Great Horned Owl or Red-headed Woodpecker

Morgan’s Point Conservation Area, ON. May 20th.2021. My calendar was open and invited me to squander a day in spring birding.  I had some ideas where good birding was to be found so made my way to the south shore of Lake Erie. At this time of year, Morgan’s Point can be a very good place to watch for northbound migrants; it’s a landing spot for birds that have dared to fly across the lake rather than take the longer way around. But birding Morgan’s Point can be hit and miss and today might have been a miss had it not been for two good sightings.
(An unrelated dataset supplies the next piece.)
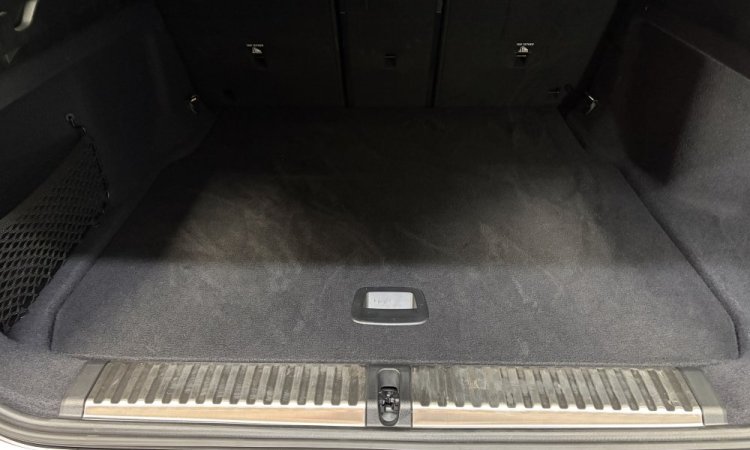Nettoyage intérieur et extérieur de cette BMW à CORBAS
The first was totally unexpected. I was staring at a forested hillside, not seeing much at all, and had scanned far and wide including past a large lump high up by the trunk of a tall pine. I didn’t quite see as much as sense something. Could it be that something primeval had tapped me on the shoulder, or was it just experience? Whatever the reason I was looking at an owl looking at me, the Great Horned Owl in the photo above. It set me speculating on whether momentary eye-contact somehow makes a connection, even between species so distant.

I remembered a provocative experience a month or so ago when I was examining with binoculars a sprawly nest quite high overhead. I had reason to think it was a Cooper’s Hawk’s and knew that if it was at home it might very well be low in the bowl and impossible to see. I looked long and hard but could only see the twiggy nest structure. After a long while I’d had enough, stopped looking and let my binoculars drop, and at that very instant of stopping, some mechanism deep in my brain yelled, ‘Being watched!.’  I looked up again and yes, there was an eye looking at me, the Cooper’s Hawk was at home. Uncanny? Maybe.  Take a look at the photo below and find the eye that caught my eye.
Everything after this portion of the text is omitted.